As soon as a match is over, put your just-used batteries on the charger. Just before a match, take the fresher pair off and install them. No matter how good a driver you are or how well built your robot is, if the batteries don't last the match, you're not gonna win.
9. Don't let the judges decide the match for you.
Matches are judged based on the full three minutes. The first minute is as important as the last. The fact that you kicked ass the last 20 seconds doesn't make up for the first 160 seconds when your competitor was mopping the floor with your rivets. You want to avoid narrow losses? Want to avoid a screaming match with the officials because they didn't share your belief that your completely out-of-control robot was actually using a strategy?
Simple. Go for a knockout. Don't let the match last all three minutes. Design your robot and operate it so that you kill the other robot so the referee counts it out. Keep your fate in your hands, don't put it in the judges.
Judges are painfully fair and unbiased. The problem is you're not. You want your bot to win and the other team's bot to lose. They don't care who wins. It's just that in a close match, they make the call. Both sides think they've won, but only one of them will be correct.
If the judges think the other robot was more aggressive and did more damage, then you're going to lose. But judge’s opinions don't have to matter. All you have to do is knock the other bot out.

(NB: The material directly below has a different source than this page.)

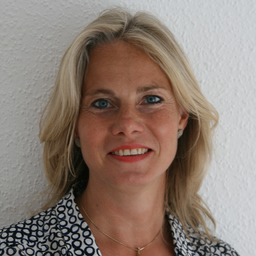 Saskia Dr. med. von Sanden M.A.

Do not hesitate. Do not unstick it. Do not try to avoid extra damage. You are there to win. There's only one way to absolutely ensure that you win: Go for the knockout. Every single match.
10. Read the damned rules.
I cannot count the number of builders who have spent hundreds of hours and thousands of dollars building their dream-come-true, and didn't spend one small hour reading the rule-book from cover to cover. You need to do this for every competition; they change from season to season.
- Know exactly what the judging criteria are. Hint: Number of hits is not part of the judging criteria.
- Know what weapons are allowed and what's not.
- Understand how to pass safety (if you don't pass safety, you don't compete).
- Understand what can get you disqualified.
If you can't spend an hour reading the rules (don't think that you know them just because you've seen every episode on TV), you probably will never get to compete, much less win. SV
Reprinted by permission of David Calkins.